Task to carry out ▸ Starting at the line with "Branco Usado 2019" and ending at the line with "Louis Vuitton Black", print exactly the lines of the entries below. Pictures do not belong in the copy.

Information provided ▸
<<<<

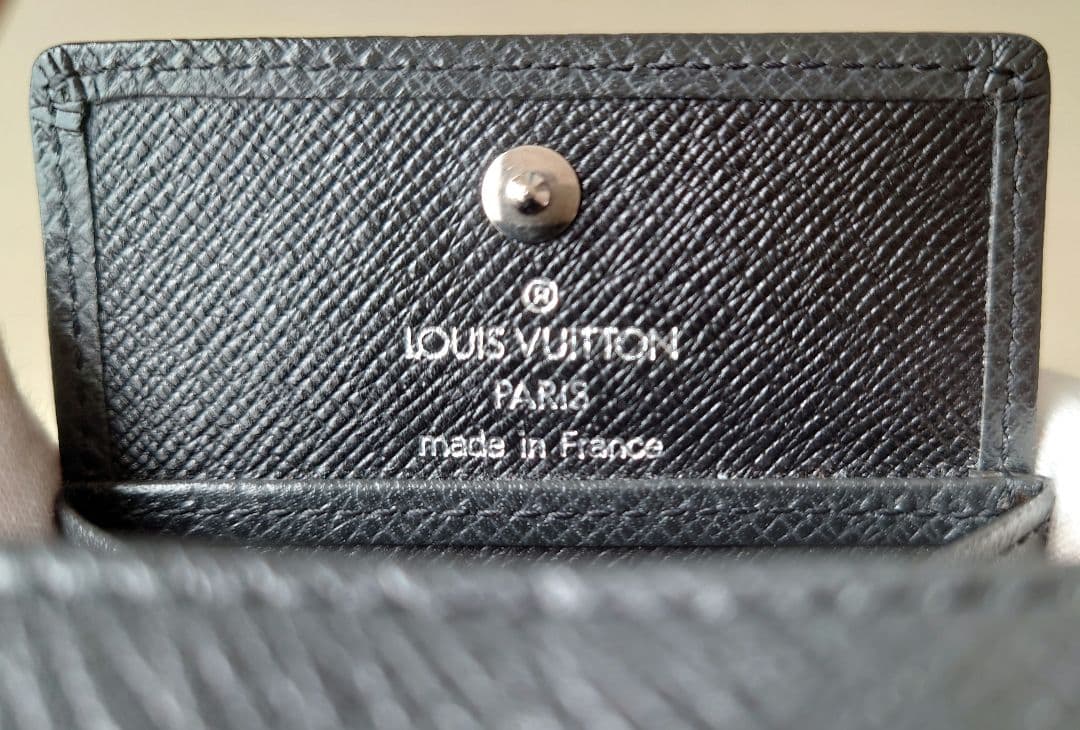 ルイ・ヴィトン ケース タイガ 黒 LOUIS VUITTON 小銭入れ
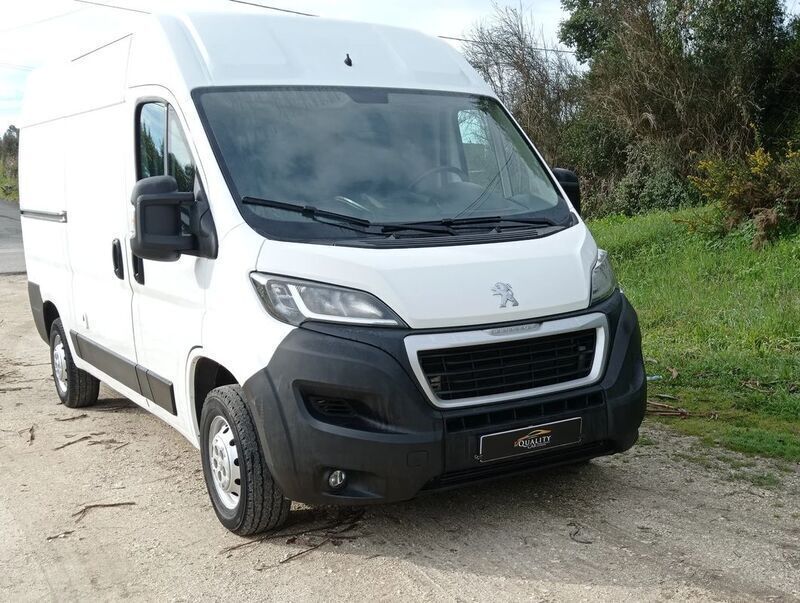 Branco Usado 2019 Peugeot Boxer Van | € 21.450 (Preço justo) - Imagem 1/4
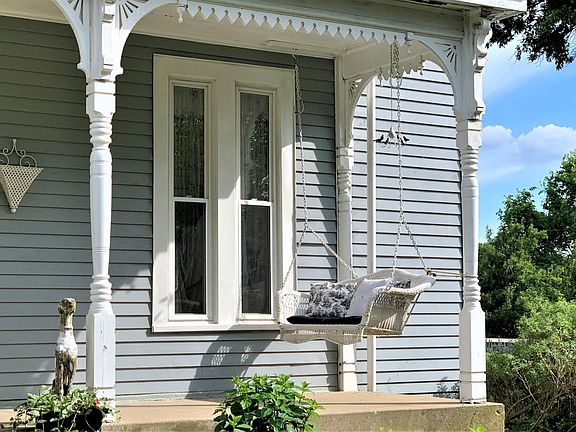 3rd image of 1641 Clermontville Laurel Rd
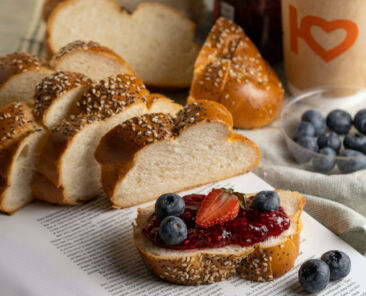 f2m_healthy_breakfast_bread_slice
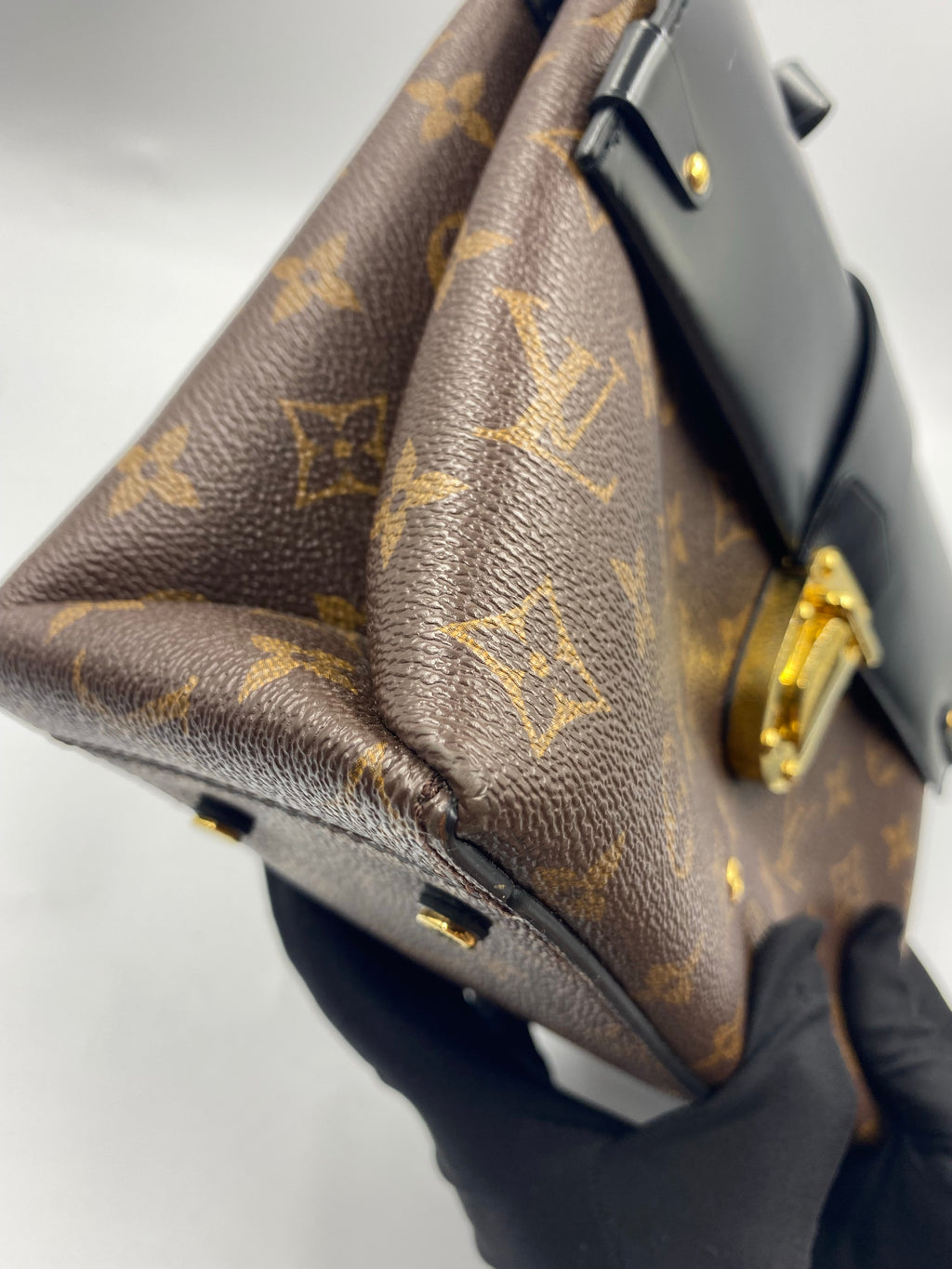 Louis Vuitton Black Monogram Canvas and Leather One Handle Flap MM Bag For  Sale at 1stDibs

>>>>
<<<<

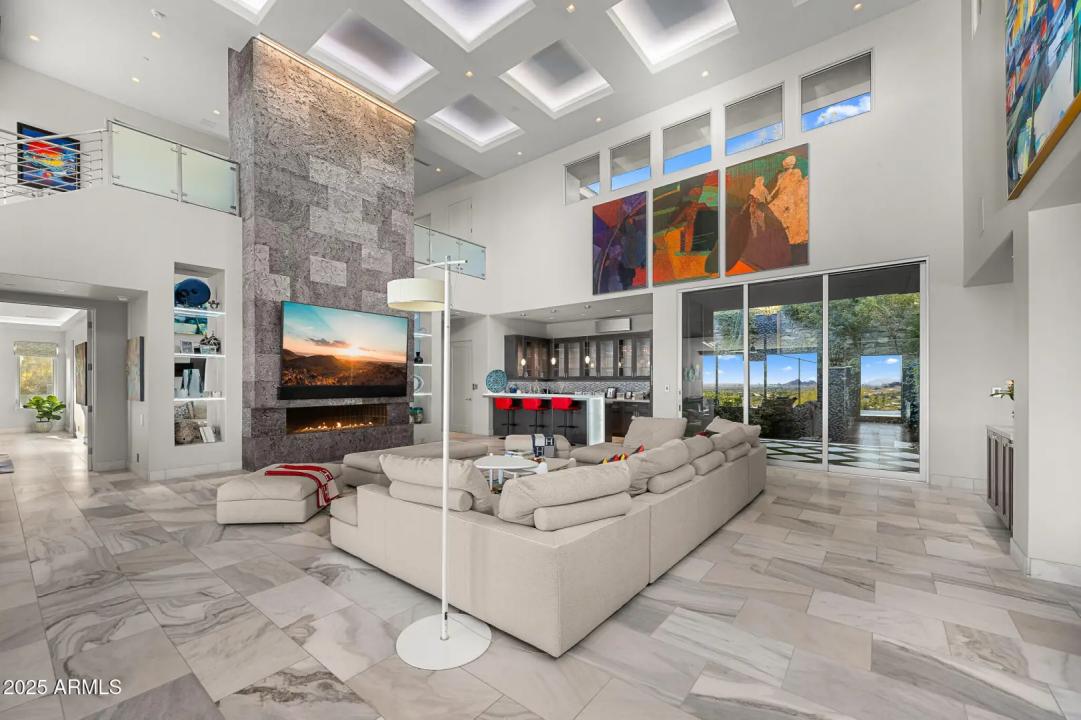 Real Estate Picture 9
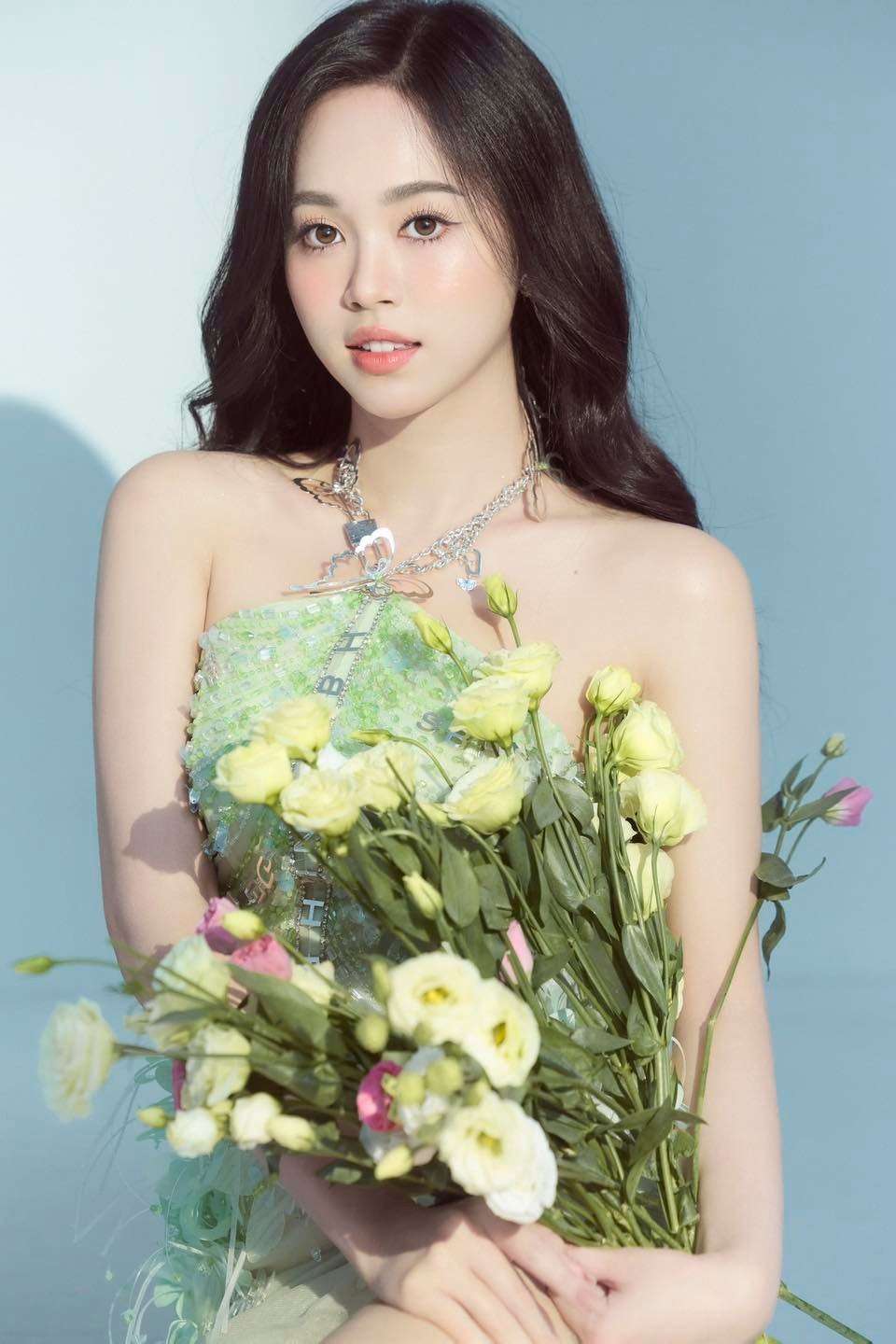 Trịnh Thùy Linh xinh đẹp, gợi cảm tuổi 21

>>>>
<<<<

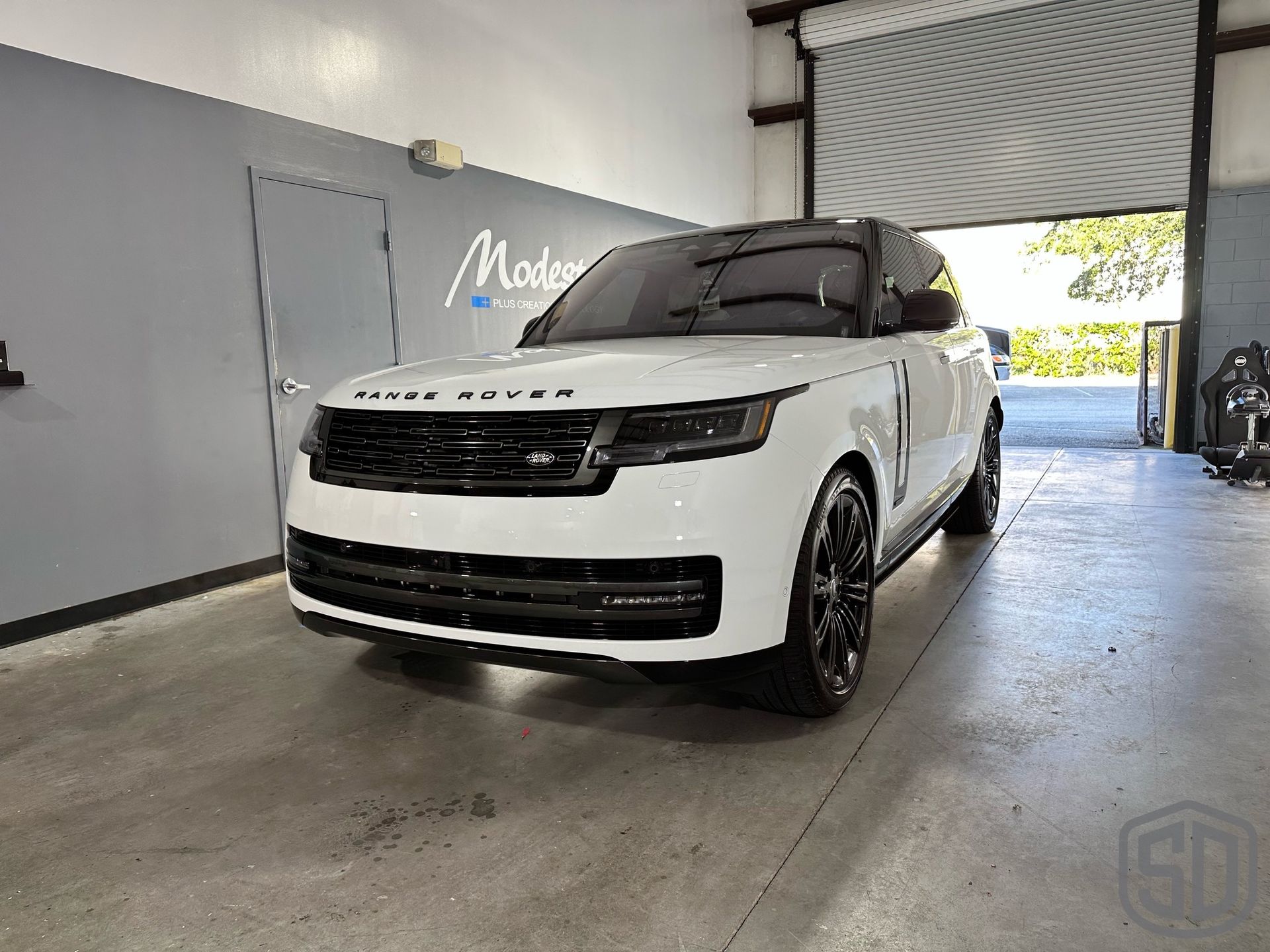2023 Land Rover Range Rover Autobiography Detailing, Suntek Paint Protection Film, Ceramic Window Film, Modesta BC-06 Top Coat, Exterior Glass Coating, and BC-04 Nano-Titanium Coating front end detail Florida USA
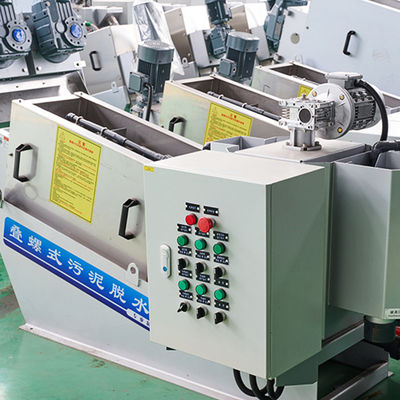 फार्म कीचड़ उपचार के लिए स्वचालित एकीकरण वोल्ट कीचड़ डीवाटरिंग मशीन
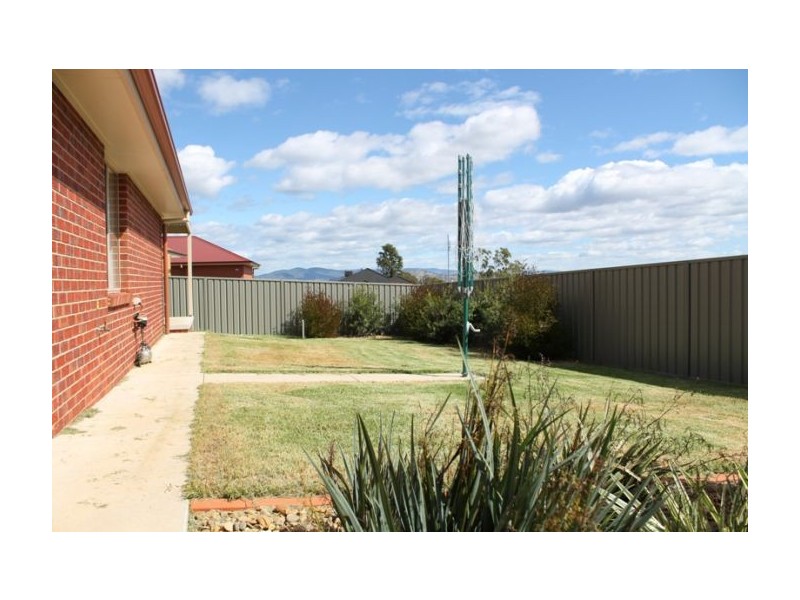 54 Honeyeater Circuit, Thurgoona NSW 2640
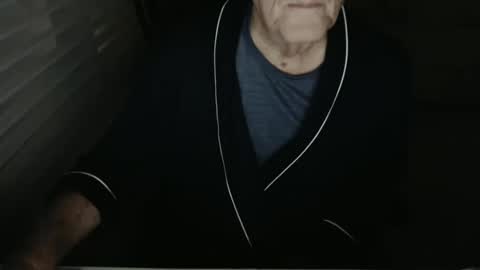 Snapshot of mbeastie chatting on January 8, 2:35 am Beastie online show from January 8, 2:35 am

>>>>

Response ▸
 Branco Usado 2019 Peugeot Boxer Van | € 21.450 (Preço justo) - Imagem 1/4
 3rd image of 1641 Clermontville Laurel Rd
 f2m_healthy_breakfast_bread_slice
 Louis Vuitton Black Monogram Canvas and Leather One Handle Flap MM Bag For  Sale at 1stDibs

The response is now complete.